Copying exactly, give the lines in the material below from the one with "Trauben und Obst" to the one with "电表箱装 免打孔弱电箱电闸盒挂画 饰画现代简约抽象配电箱遮挡竖款", ends included, and nothing besides.

• Supplied material:
━━━━━━━━━━━━━━━━━━━━━━━━━━━━━━

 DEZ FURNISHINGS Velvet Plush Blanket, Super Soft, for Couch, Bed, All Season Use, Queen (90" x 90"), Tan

━━━━━━━━━━━━━━━━━━━━━━━━━━━━━━

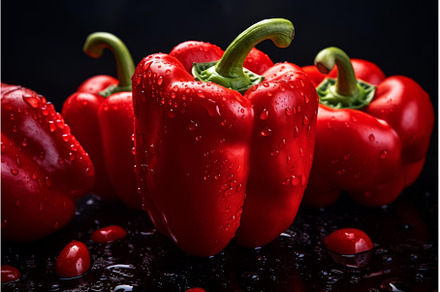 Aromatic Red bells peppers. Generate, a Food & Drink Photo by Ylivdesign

━━━━━━━━━━━━━━━━━━━━━━━━━━━━━━

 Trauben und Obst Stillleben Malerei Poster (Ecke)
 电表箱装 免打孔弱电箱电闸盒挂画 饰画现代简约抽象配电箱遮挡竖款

━━━━━━━━━━━━━━━━━━━━━━━━━━━━━━

• Exercise solution:
 Trauben und Obst Stillleben Malerei Poster (Ecke)
 电表箱装 免打孔弱电箱电闸盒挂画 饰画现代简约抽象配电箱遮挡竖款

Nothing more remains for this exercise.